What, then, is the general law that determines the rise and fall of wages and profit in their reciprocal relation?
They stand in inverse proportion to each other. The share of (profit) increases in the same proportion in which the share of labour (wages) falls, and vice versa. Profit rises in the same degree in which wages fall; it falls in the same degree in which wages rise.
It might perhaps be argued that the capitalist class can gain by an advantageous exchange of his products with other capitalists, by a rise in the demand for his commodities, whether in consequence of the opening up of new markets, or in consequence of temporarily increased demands in the old market, and so on; that the profit of the capitalist, therefore, may be multiplied by taking advantage of other capitalists, independently of the rise and fall of wages, of the exchange value of labour-power; or that the profit of the capitalist may also rise through improvements in the instruments of labour, new applications of the forces of nature, and so on.

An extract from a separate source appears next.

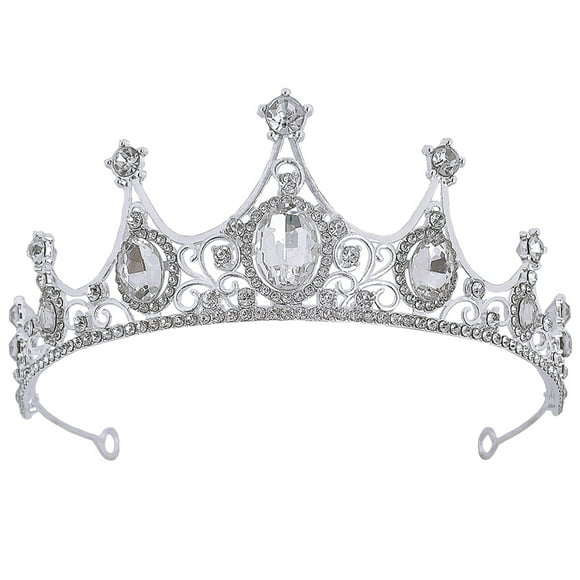 BRIGHTFUFU Tiara de boda para mujer, corona de diamantes de imitación, corona de novia para boda, tocado para cumpleaños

But in the first place it must be admitted that the result remains the same, although brought about in an opposite manner. Profit, indeed, has not risen because wages have fallen, but wages have fallen because profit has risen. With the same amount of another man's labour the capitalist has bought a larger amount of exchange values without having paid more for the labour on that account—i.e., the work is paid for less in proportion to the net gain which it yields to the capitalist.
In the second place, it must be borne in mind that, despite the fluctuations in the prices of commodities, the average price of every commodity, the proportion in which it exchanges for other commodities, is determined by its cost of production. The acts of overreaching and taking advantage of one another within the capitalist ranks necessarily equalize themselves. The improvements of machinery, the new applications of the forces of nature in the service of production, make it possible to produce in a given period of time, with the same amount of labour and capital, a larger amount of products, but in no wise a larger amount of exchange values. If by the use of the spinning-machine I can furnish twice as much yarn in an hour as before its invention—for instance, 100 pounds instead of 50 pounds—in the long run I receive back, in exchange for this 100 pounds no more commodities than I did before for 50; because the cost of production has fallen by 1/2, or because I can furnish double the product at the same cost.

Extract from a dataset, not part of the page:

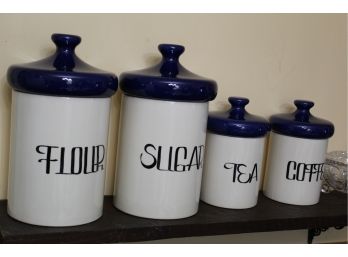 Ceramic Cannister Set Tea Coffee Sugar Flour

Finally, in whatsoever proportion the capitalist class, whether of one country or of the entire world-market, distribute the net revenue of production among themselves, the total amount of this net revenue always consists exclusively of the amount by which accumulated labour has been increased from the proceeds of direct labour. This whole amount, therefore, grows in the same proportion in which labour augments capital—i.e., in the same proportion in which profit rises as compared with wages.
The interests of capital and wage-labour are diametrically opposed
We thus see that, even if we keep ourselves within the relation of capital and wage-labour, the interests of capitals and the interests of wage-labour are diametrically opposed to each other.
A rapid growth of capital is synonymous with a rapid growth of profits. Profits can grow rapidly only when the price of labour—the relative wages—decrease just as rapidly. Relative wages may fall, although real wages rise simultaneously with nominal wages, with the money value of labour, provided only that the real wage does not rise in the same proportion as the profit. If, for instance, in good business years wages rise 5 per cent, while profits rise 30 per cent, the proportional, the relative wage has not increased, but decreased.
If, therefore, the income of the worker increased with the rapid growth of capital, there is at the same time a widening of the social chasm that divides the worker from the capitalist, and increase in the power of capital over labour, a greater dependence of labour upon capital.
To say that "the worker has an interest in the rapid growth of capital", means only this: that the more speedily the worker augments the wealth of the capitalist, the larger will be the crumbs which fall to him, the greater will be the number of workers than can be called into existence, the more can the mass of slaves dependent upon capital be increased.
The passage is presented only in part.